What is perhaps most surprising is the number of new operators and lessors that have entered the market, alongside a significant increase in the number of companies acting as their agents or as freight forwarders with specific activity in the tank container sector. This reflects comments we have been picking up from industry and the clear increase in competition for business.
To some extent the growth in the number of companies active in the industry is a reflection of continued expansion in regional and global trades in those liquid products that tank containers excel in carrying – primarily chemicals but also other downstream products from the oil and gas sector as well as beverages and foodstuffs.
Another salient factor has been rising output of new tanks at attractive prices from Chinese manufacturers, which now have a completely dominant position in the market. For a couple of years now, the major leasing companies have taken advantage of those prices to expand their fleets – even if that meant the sight of new tanks stacked up at depots waiting for employment.
More recently, those same economics have attracted companies new to the container leasing game as well as the world’s major tank operators, many of which have taken the opportunity to expand their fleets. New operators have also emerged in the market and we hear too of shippers developing their in-house capabilities. China Railway Tielong continues to aggressively expand its presence in tank containers (including swap bodies) as the concept gains a firmer foothold in China.
Those trends seem to point to advantageous conditions for bigger players; a larger fleet offers opportunities to increase utilisation, since the operator has the option to have empty units available wherever they may be needed. Many of the leading operators have also invested heavily in new technology aimed at digitising the supply chain and making the market more transparent.
On the other hand, smaller tank operators can leverage those same IT developments to help them compete with their bigger rivals.
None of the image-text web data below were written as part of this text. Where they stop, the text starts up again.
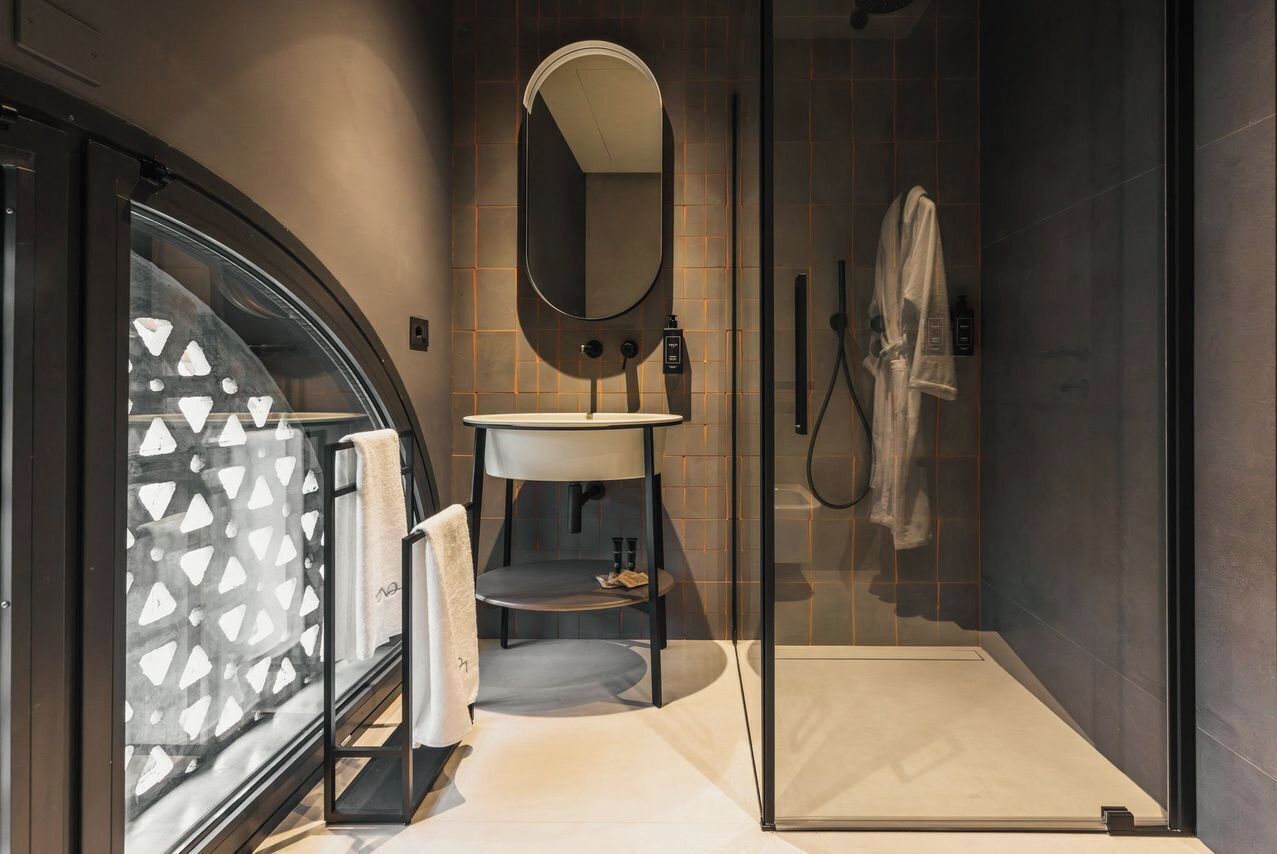 Un bagno moderno con cabina doccia in vetro, uno specchio rotondo, un lavandino e un porta asciugamani.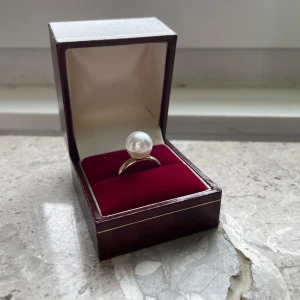 Elegant ring med pärla - Säljer en elegant ring med en stor vit pärla. Ringen har en stilren design och kommer tyvärr inte i asken. Perfekt för speciella tillfällen eller som en fin present.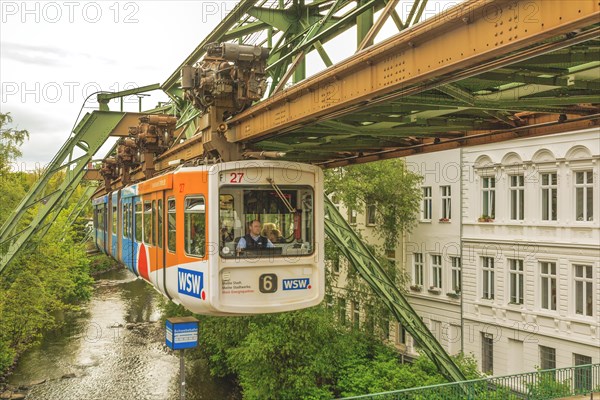 Suspension railway crossing a bridge in the city, river and buildings in the background, suspension railway, Wuppertal, North Rhine-Westphalia, Germany, Europe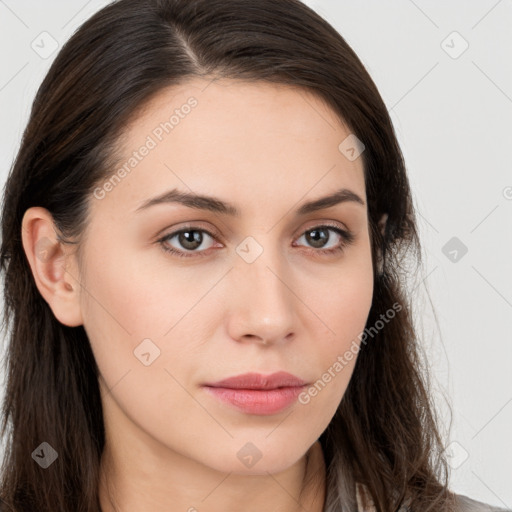 Neutral white young-adult female with long  brown hair and brown eyes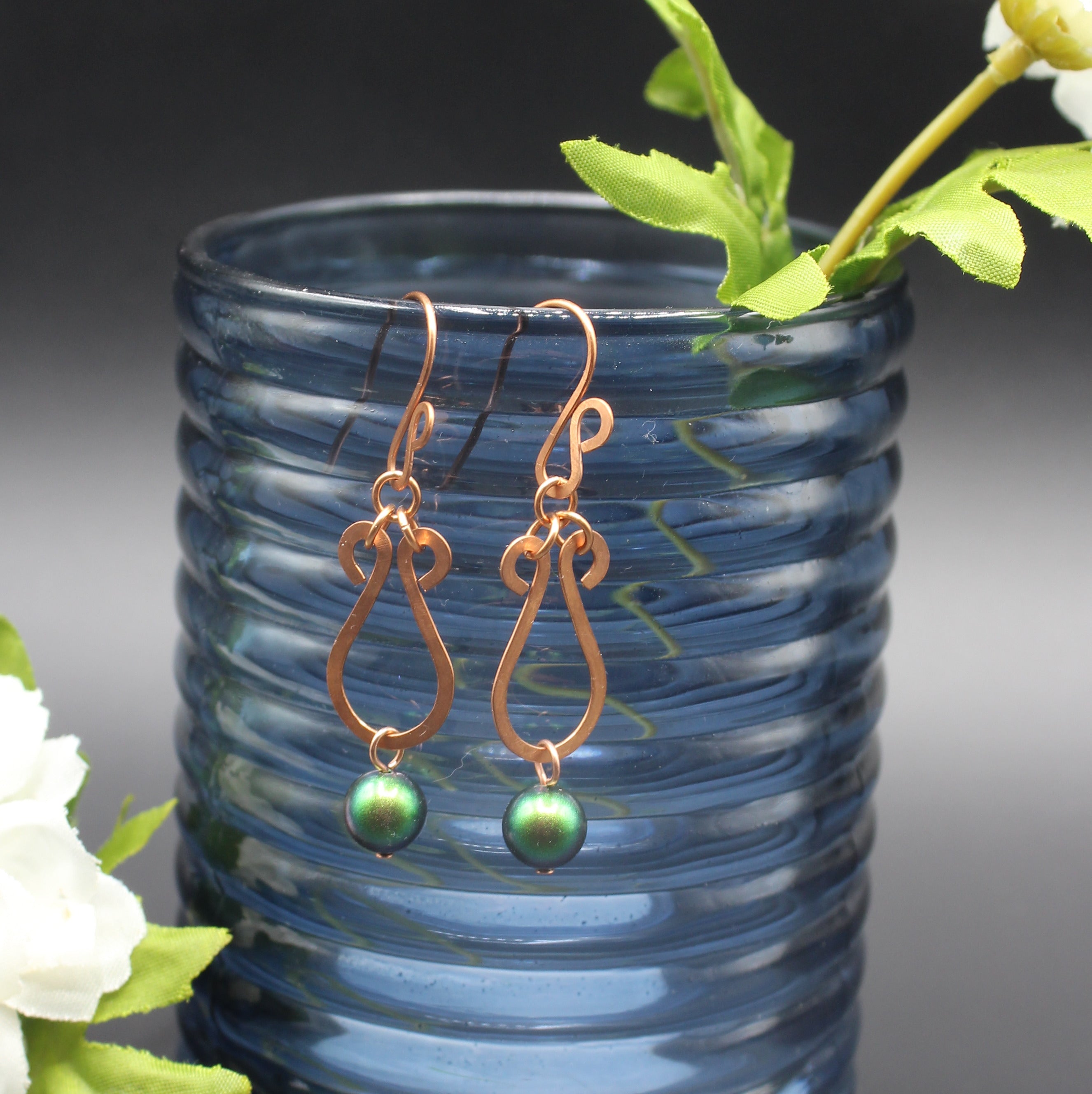 Hammered copper teardrop earrings with green beads in front of a blue glass vase.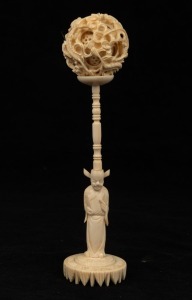 A vintage Chinese carved ivory puzzle ball with figural stand, mid 20th century, ​​​​​​​20cm high
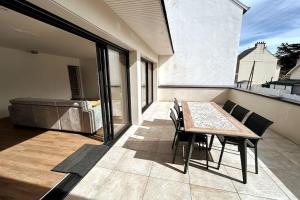 a patio with a table and chairs on a balcony at Grande maison neuve à 100 m de la plage in Pléneuf-Val-André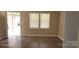 Bright living area with neutral walls, laminate flooring, and natural light at 608 E E St, Newton, NC 28658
And, despite the tendency for new technology to erode the importance of personal contacts between an operator and its customer base, small operators active in specific niches can still find plenty of employment for their tanks.
As such, many operators – both large and small – have this year been reporting higher levels of tank utilisation and noting that per-tank earnings have bottomed and are beginning to improve.
Given that tanks last for decades, and taking into account the continued increase in the number of tanks built every year, those indications of market recovery suggest that a lot of the new production is being soaked up within China, where tank container use is still growing – and has the potential to grow even further over the coming decade.
In light of the above we confidently expect yet further growth next year not only in the size of the world’s tank container fleet but also in the size of the HCB Tank Guide.